### Data records
▬▬▬
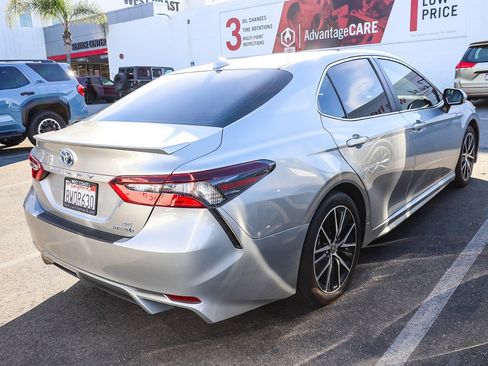 Used 2021 Toyota Camry SE image 10
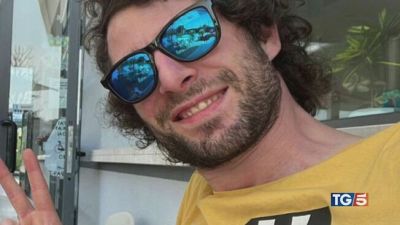 Il volto dell'assassino sul telefono del figlio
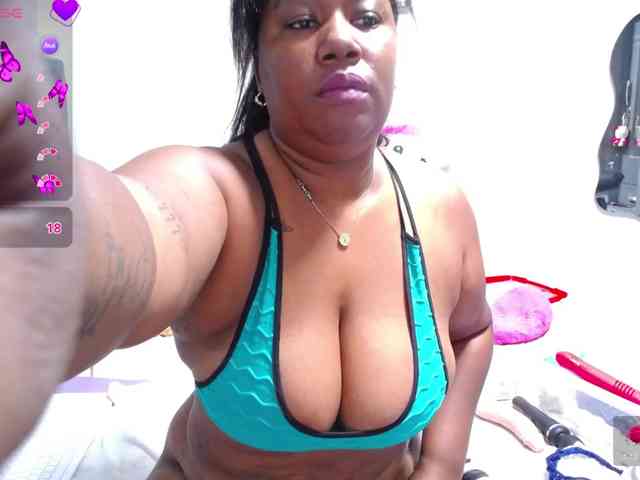 thickebonymilf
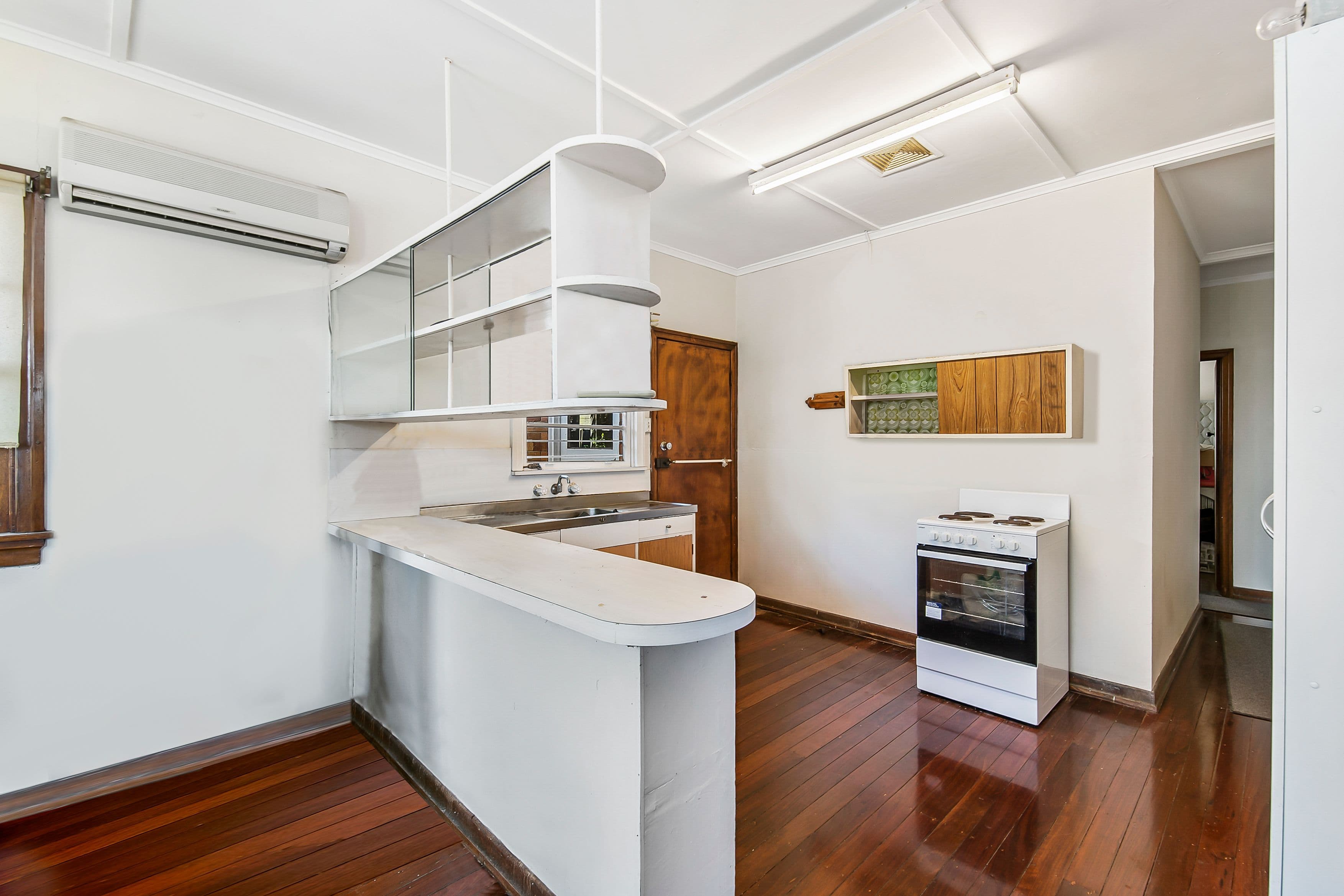 185 Oxley Avenue, Woody Point QLD 4019, Woody Point - Thumbnail 5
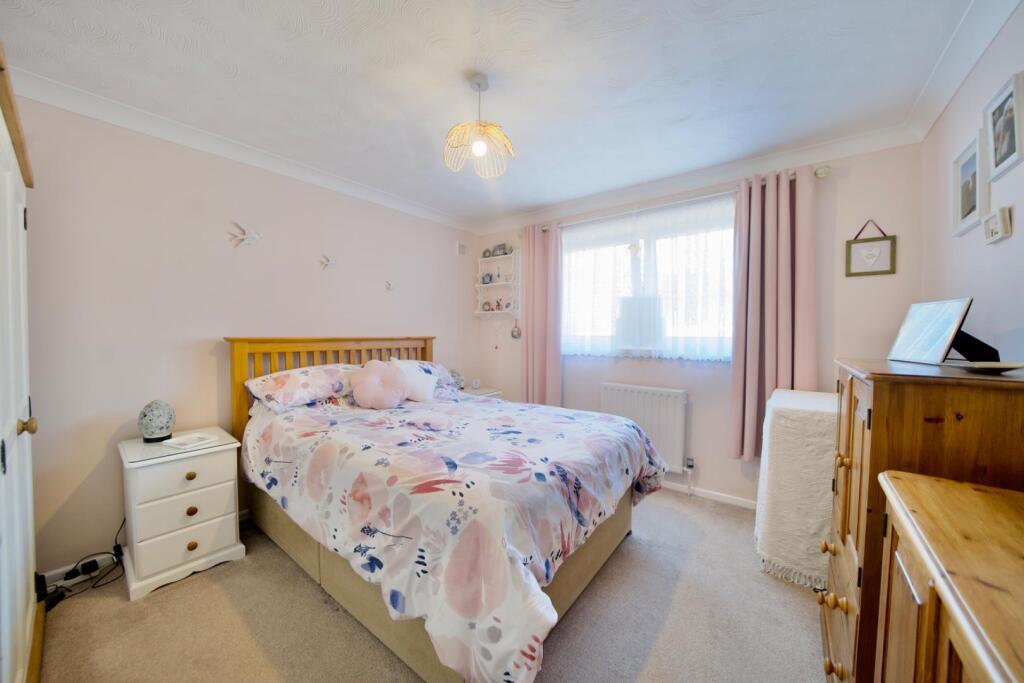 Apartment in Weymouth, Overcombe - More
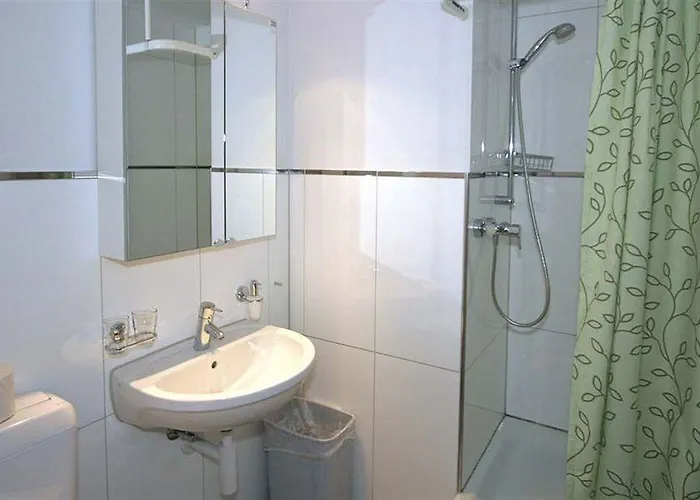 Swiss Star Wiedikon - Self Check-in *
▬▬▬
### What you should do
Without changing a single word, set down all of the material again and leave out its pictures.

### Reply to the task
 Used 2021 Toyota Camry SE image 10
 Il volto dell'assassino sul telefono del figlio
 thickebonymilf
 185 Oxley Avenue, Woody Point QLD 4019, Woody Point - Thumbnail 5
 Apartment in Weymouth, Overcombe - More
 Swiss Star Wiedikon - Self Check-in *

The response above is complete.